Thus, the printhead 12 is capable of printing pixels at various positions across the width of the substrate 18, as the substrate 18 is advanced past the printhead 12. The web 16 is advanced, so as to present unused pixels of marking medium to the printhead 12 for each printing operation. In the example shown, the printhead 12 is longer than the web 16 and the substrate 18 are wide; therefore a number of printing elements 14 at each end 12a, 12b of the printhead 12 are usually redundant during a printing operation. The distance ‘a’ between the first end 12a of the printhead and an edge of the web 16, the width of the web ‘b’ and the distance ‘c’ between the opposite edge of the web 18 and the second end 12b of the printhead 12 are shown in FIG. 1. It will be appreciated that there may be only one region of redundant printing elements 14, at one end 12a, 12b of the printhead 12, or that there may be no region of redundant printing elements 14.

Pixels of marking medium are transferable from the web 16 to the substrate 18 in rows, so as to form an image on the substrate 18. The image may include text and or figures, for example words, dates, barcodes, etc.

Referring to FIG. 4, the printing apparatus 10 includes a controller 20 which controls the operation of the web advance mechanism 15 and may control the substrate advance mechanism 17. The web advance mechanism 15 and the substrate advance mechanism 17 are capable of advancing the web 16 and the substrate 18 respectively, in two directions relative to the printhead 12, i.e. in a forward direction and a reverse direction, as shown by the double headed arrow in FIG. 4. Both the forward and reverse directions are substantially transverse to the direction in which the line of printing elements 14 extends along the printhead 12. If the controller 20 does not control the substrate advance mechanism 17 then the controller 20 must include a device for detecting the movement of the substrate 18. This is typically provided by an encoder.

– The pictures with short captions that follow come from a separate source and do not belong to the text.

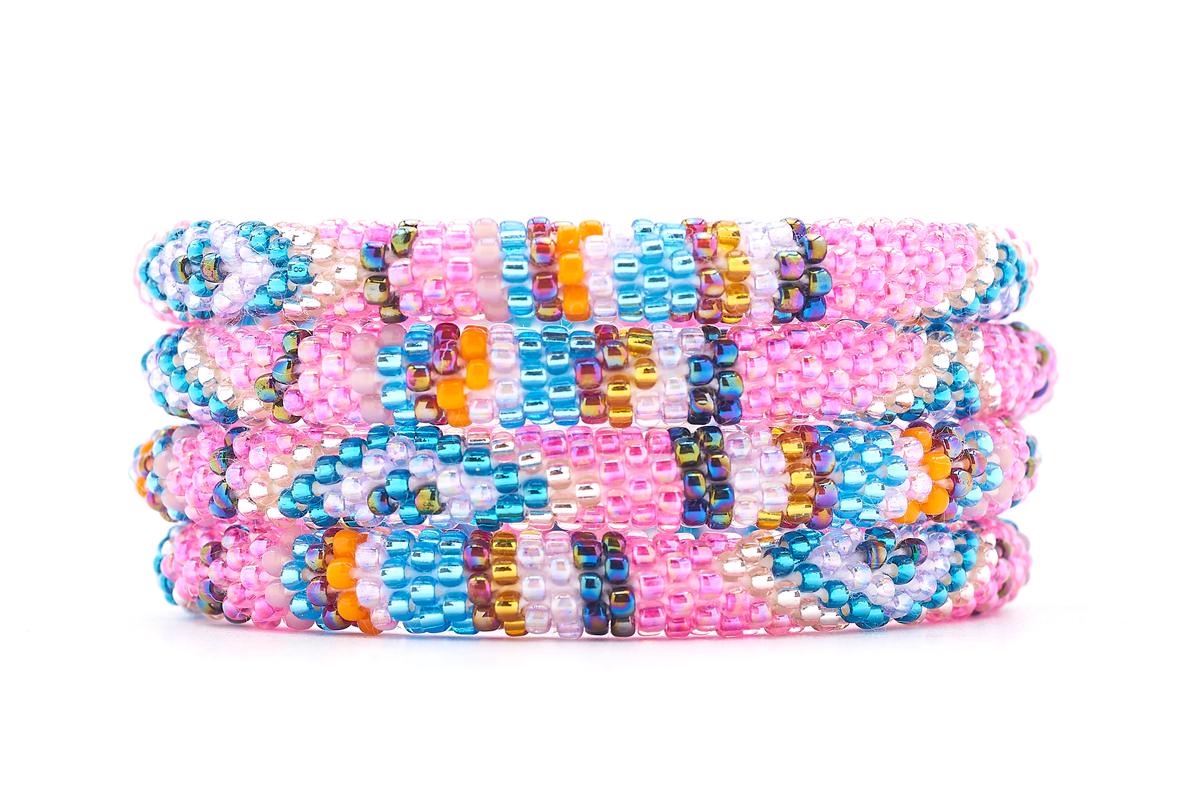 Handmade beaded friendship bracelet with blue, pink, rose gold, purple, orange, and gold glass beads. Crafted by artisans in Nepal for Sashka Co.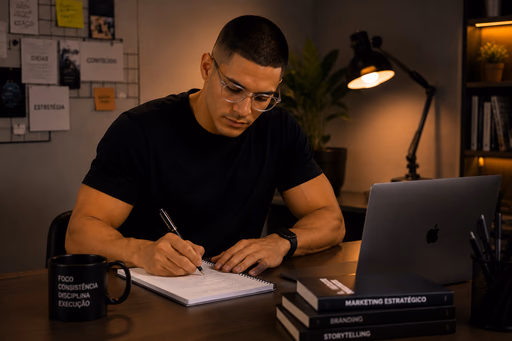 Tiago escrevendo e planejando narrativas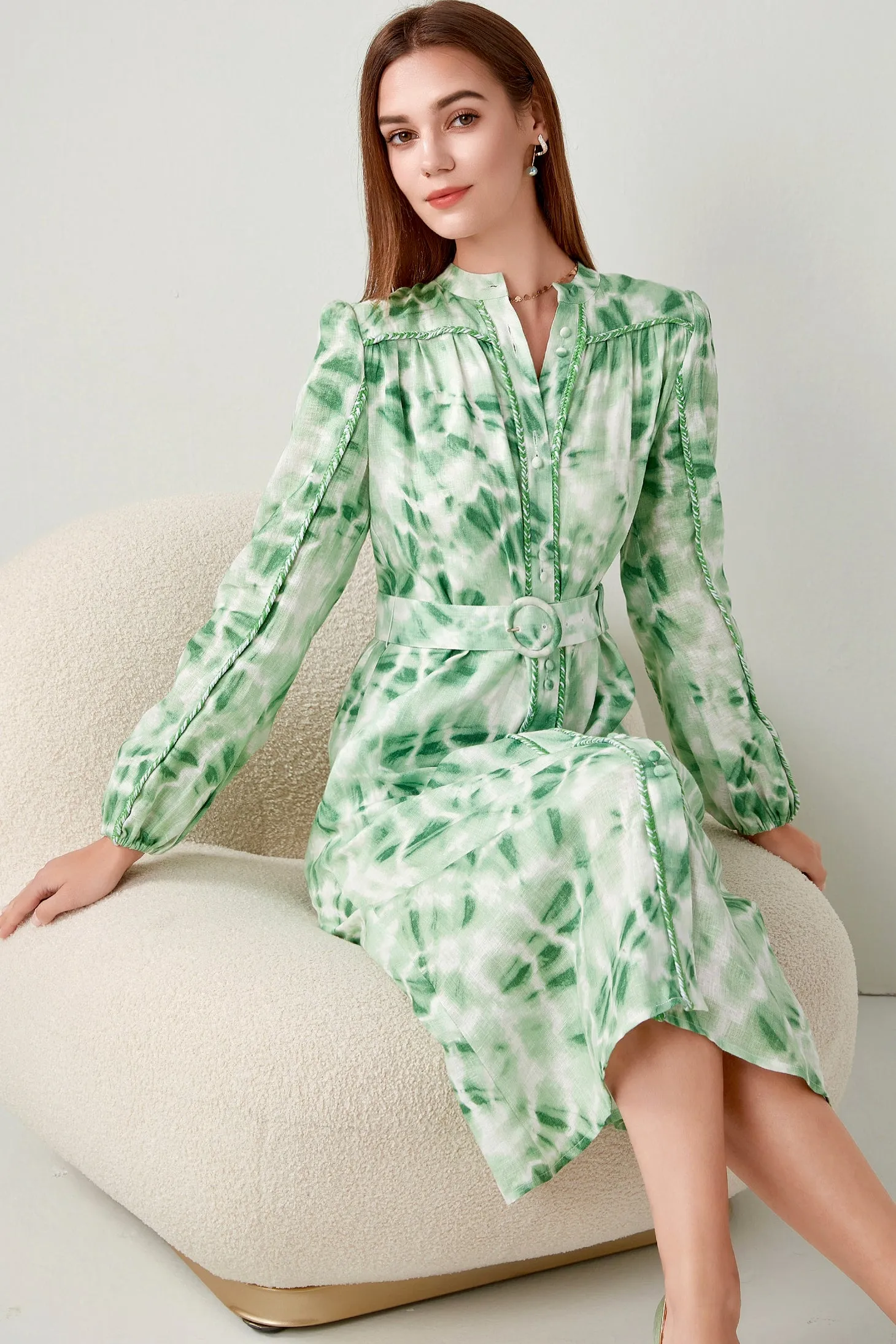 Ada Linen Dress - Green/Mint - GDS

The controller 20 also controls the operation of the printing elements 14, to ensure that the correct printing elements 14 operate at the correct time so as to generate the required image.

As can be seen from FIG. 3, a damaged printing element 14a may affect the quality of the image printed onto the substrate 18. An inoperative printing element 14a may cause a blank line 24 to appear in the image. The more damaged elements 14a are present in the printhead 12 the more the quality of the image is likely to be affected. A cluster of damaged printing elements 14a generally causes a more noticeable effect than a plurality of spaced apart damaged printing elements 14a.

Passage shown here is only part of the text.